■ REQUIREMENT ■
Using the listing below, set down each line from the line containing "Maxi Kleid schwarz" through the line containing "Property photo of", both ends included, exactly and with nothing added.

■ DATASET RECORDS ■
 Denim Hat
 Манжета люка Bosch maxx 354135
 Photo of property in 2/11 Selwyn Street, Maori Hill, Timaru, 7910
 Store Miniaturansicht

...

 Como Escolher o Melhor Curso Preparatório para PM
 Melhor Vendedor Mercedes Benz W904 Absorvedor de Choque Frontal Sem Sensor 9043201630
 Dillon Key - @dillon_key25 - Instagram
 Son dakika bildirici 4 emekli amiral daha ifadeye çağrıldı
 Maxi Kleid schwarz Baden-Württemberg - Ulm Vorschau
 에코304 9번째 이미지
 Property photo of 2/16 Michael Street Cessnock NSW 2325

--

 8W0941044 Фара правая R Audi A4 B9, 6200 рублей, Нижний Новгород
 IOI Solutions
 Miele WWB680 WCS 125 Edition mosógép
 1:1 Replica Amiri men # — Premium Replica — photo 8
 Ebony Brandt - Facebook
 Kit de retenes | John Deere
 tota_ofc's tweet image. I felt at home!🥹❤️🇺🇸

■ PROBLEM SOLUTION ■
 Maxi Kleid schwarz Baden-Württemberg - Ulm Vorschau
 에코304 9번째 이미지
 Property photo of 2/16 Michael Street Cessnock NSW 2325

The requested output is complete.